Independent writing then beckoned, with Rosamunde publishing under her own name. Despite striking out alone, in those days there was no major publicity tours or social media promotions expected of authors.
“Nothing was asked of you at all, except that you produce a novel.”
The Success Of “The Shell Seekers”
Rosamunde’s writing would continue apace through the 1960s and 1970s. She became a household name in 1987 with her international bestseller “The Shell Seekers”, the success of which she attributes to a different kind of social media.
“It caused a stir, that one. It really made people buy my books, and read my books – and it was all done through the private booksellers, who were mostly retired ladies!
“There was no big Barnes & Noble campaign or anything. It did well through people coming into those shops and asking if they had anything they could suggest reading. That was a huge part of its success.”
In 1989 the book would be turned into a TV movie starring Angela Lansbury, and so a tradition began of converting Rosamunde’s work for the small screen. How has she felt about those adaptations?
“They’re never going to be what you think they’re going to be, that’s one thing. You just have to be very philosophical about it all.”
Big In Germany
Much of the filming was done on location in Cornwall, which would be the first of many instances cameras would come to the west country in Rosamunde’s name. She was on the verge of a popularity explosion in Germany.
“A company called Frankfurter Film Productions, based in Cologne, bought all the old short stories and made one-hour films out of them. They’ve been hugely successful – almost embarrassingly so!”
Shown on German channel ZDF, they have been so popular as to create a boom in the tourism market that won the channel and Rosamunde a British Tourism Award in 2002.
“It’s astonishing. Fans can get a Lufthansa plane for a ‘Rosamunde Pilcher’ tour. They arrive at Newquay and get on a Rosamunde Pilcher bus – with my name on the side. It’s bizarre.
“But not only does it bring in cash for me and my family, it has genuinely made a huge difference to the economy of Cornwall.
“It has changed the situation down there. They’ve always had a fabulous tourism industry, but it’s enabled cafes and hotels to stay open. The Germans always use local people when they can, so it very much contributes to the local economy.”
The Magic Of Cornwall
Having married a painter, Rosamunde’s mother moved with him to St Ives – famous for its light – which is why she was born in the area.

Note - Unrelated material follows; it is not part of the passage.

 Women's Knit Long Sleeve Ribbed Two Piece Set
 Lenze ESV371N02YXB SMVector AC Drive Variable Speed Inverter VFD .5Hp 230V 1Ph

The family still has strong connections – her son is a farmer in the region, and she visits when she can.
Though having moved away at an early age, why does Rosamunde continue to set her novels in the area? Is it from a sense of nostalgia or is there something about the landscape that adds to the writing?
“For me, it’s rather like revisiting somewhere – like I’m going there if I’m writing about it. It makes going down still exciting because it’s creative.
“But it is rather magical. There is something about it that is very restoring.
Even when simply talking about visiting the county of her birth, you can hear the romance writer coming out once again.
“I don’t get down as often these days – I’m very old, you know. I have to go with someone, because of my health, which is terribly boring. But I love going back. I love walking on those lovely beaches.”